The answer to all of your questions is "yes". This storm has exposed to things:

1. It has put racism, class division, and poverty in this country in stark relief.

2. It has shown that our military is completely overstretched and tied up in Iraq. Security and emergency relief infrastructure simply could not get to New Orleans because they were already in Baghdad!!!

If you don't think we're racists in America, just look at Rwanda and Iraq and then ask yourself how/why we formulated our policies regarding those countries.

I read a very good point recently- Spend our energy helping when we can help. Then when the crisis is over, we can criticize. As any person under a deadline knows, criticism in tense conditions can be more harm than help.

Even if you can't directly help the people who need evacuation, those who have evacuated also need assistance. Many have fled far and wide in search of a place to stay. Those who are feeling the need to do something but are restricted to local efforts may want to consider offering up housing, a washing machine, a shoulder and cup of coffee. Does anyone know if they're accepting aid in terms of goods in Baton Rogue? I bet the people there need a lot, too, with all those who escaped there and the refugees still being evacuated there.

I heard on the radio that these people need a postal address, a few phone calls, Internet connections, and most of all, a job. As pointed out, these people don't have much money and no way of earning money to pay rent, feed their families, contact family to let them know they're alive, and provide for other basic necessities. They're suddenly unemployed and homeless, if alive. Sounds terrifying to me.

I think it is very natural to wonder if the government is really doing everything possible. We're all upset just like you. We want to help. We want the government to help. Time doesn't move backwards, though, so (IMO) now is not time for an inquiry. This is the time to encourage people (and governments) to do more and focus, expending our energy on where it will do the most good.

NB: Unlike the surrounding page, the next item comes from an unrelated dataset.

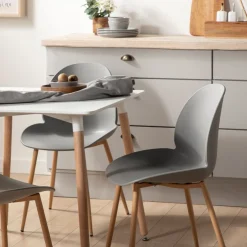 Klast Home Sillas De Exterior|Sillas De Comedor Y Cocina><noscript><img width=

I came to this blog to see the reaction to Katrina, because Japan (and Valley money) has a reputation for Dixie-flavored racism. What I found was only surprising in the accuracy of the assumption. Guilt? Try outrage.

@ freecia (15)

Good stuff you wrote there. Beautifully said. But I think it's good to keep up the momentum of the criticism.

It's calling into question many many things that the press has ignored for the duration of the Bush administration thus far. And without the loud criticism we've already had, those people would probably still be stranded out there after a week without drinking water, food, and medicine!!!

BoingBoing should be yellow for the type of 'journalism' it indulges in.

Per your second update: the Somalia note should be a clue -- he's just using military terms, probably to help establish in the soldiers minds what they're facing.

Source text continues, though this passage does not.